Releasing its annual results for 2012 today, the French reserve fund said it posted a net increase of €1.5bn in the value of its investments in 2012 after AUM fell from €37bn in 2010 to €35.1bn in 2011.

The final volume of AUM recorded comes after payment of the €2.1bn owed to the Caisse d'Amortissement de la Dette Sociale (CADES) over the course of 2012.

Under the pension reform introduced in 2010, the previous government established that the FRR would need to make 14 annual payments of €2.1bn to the CADES, which is used to refinance the debt incurred to pay pensions.

The move was part of the government's plan to rebalance France's pension budget.

The FRR made its first payment to the CADES in 2011.

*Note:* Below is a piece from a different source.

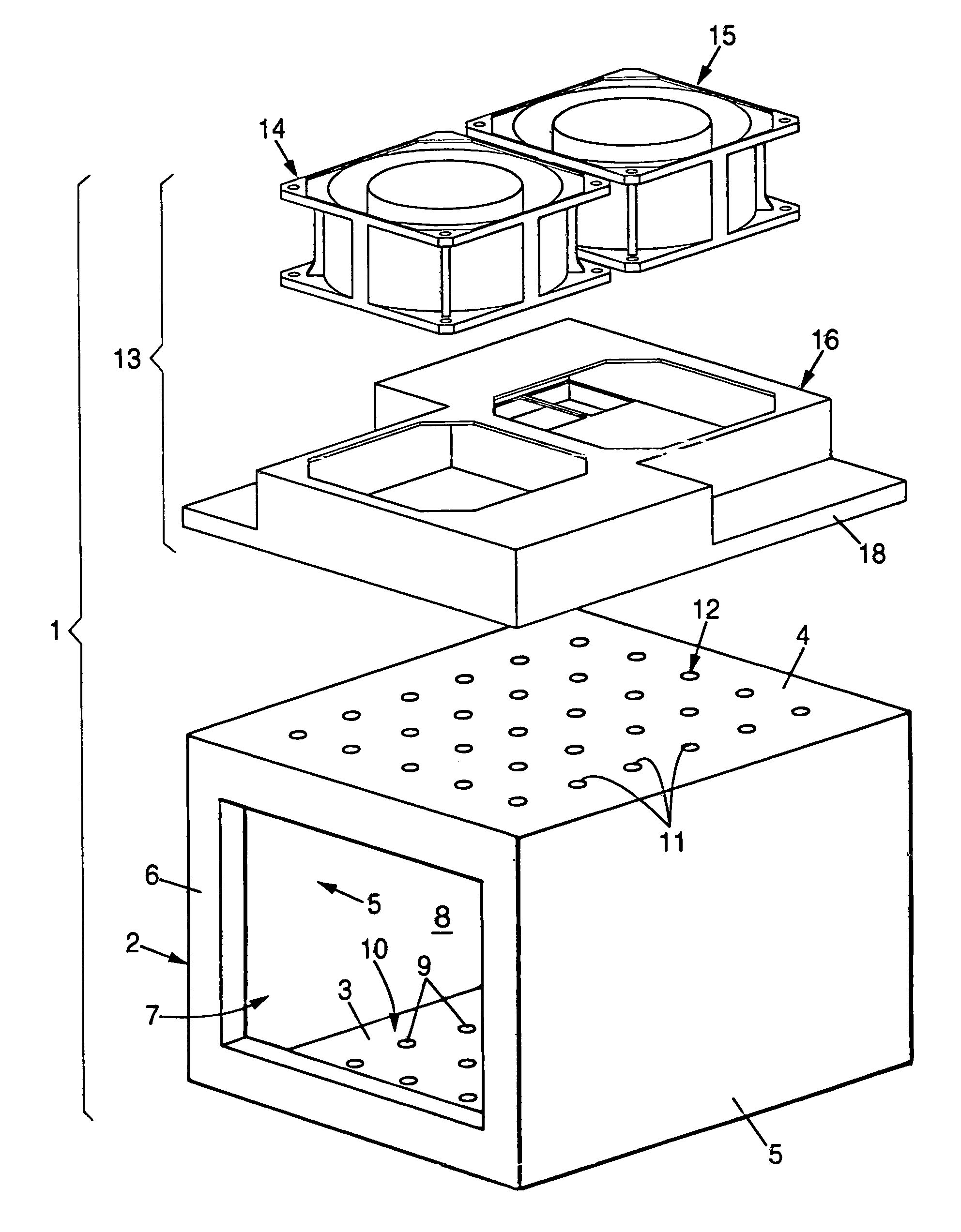 Ventilation system for electrical of electronic equipment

The last transfer is planned for 2024, when the fund is set to close down.

Additionally, the FRR recorded a return of 10.5% over 2012, net of management costs.

It attributed the gain to its return-seeking portfolio, which returned 12.7%, achieved almost exclusively over the second half of the year and offsetting the fall of 5.9% recorded in 2011.

The fund also attributed the performance to the fall in sovereign bond rates and yield premiums on non-sovereign issuers, which enabled its hedging assets to return 10.1%.

The FRR finally said that its gearing ratio now stood at 135%, close to the level of 138% recorded in December 2010 when its new asset allocation was set, following the pension reform.